I've copied over this question from what I asked on Mathematics Stack Exchange, in the hope that some experts here can help me find a way to check the residual finiteness of this group.
Consider the group $G=K\rtimes \mathbb{Z}$ defined as follows:
The subgroup $K$ is generated by elements $x_i,y_k$ with $i,k \in {\mathbb Z}$ and $k > 0$, and it has defining relations \begin{eqnarray*} x_i^2 &=& y_j^2= 1\ \mbox{for all}\ i,j,\\ [x_j,x_i] &=& y_{j-i}\ \mbox{for}\ j>i,\\ [y_k,x_i] &=& 1\ \mbox{for all}\ i,k, \end{eqnarray*}
The action of $({\mathbb Z},+)$ on $K$ is defined by the automorphism $1 \in {\mathbb Z}$ maps $x_i$ to $x_{i+1}$ for all $i \in {\mathbb Z}$.

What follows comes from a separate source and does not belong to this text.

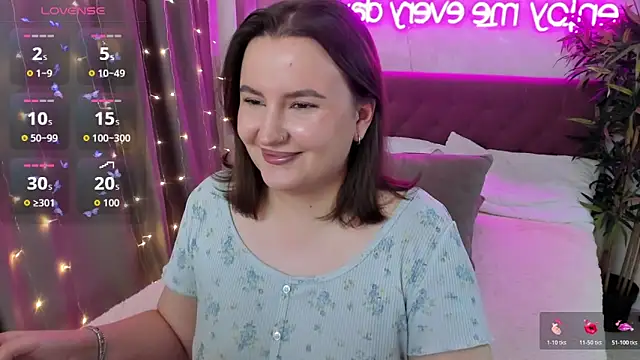 FeralPeach online show from 12/21/25, 08:05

Question: Is group $G$ residually finite?
The progress: My idea is to check if $K$ is residually finite first (because if $K$ is not residually finite, then $G$ can't be). So far, if a word $w$ from $K$ satisfies the following condition, then there is a homomorphism from $K$ to a finite group that doesn't send $w$ to the identity.
if there exists $x_i$ in $w$, and the total power of $x_i$ is odd. (we can map $K$ to some direct product of $\mathbb{Z}_2$)
if $w= y_j$ and $j$ is odd. (We can map $K$ to the Heisenberg group over $\mathbb{Z}_2$)
I am not sure how to show such homomorphism exists for any general word. (e.g. a string of $y_i$'s).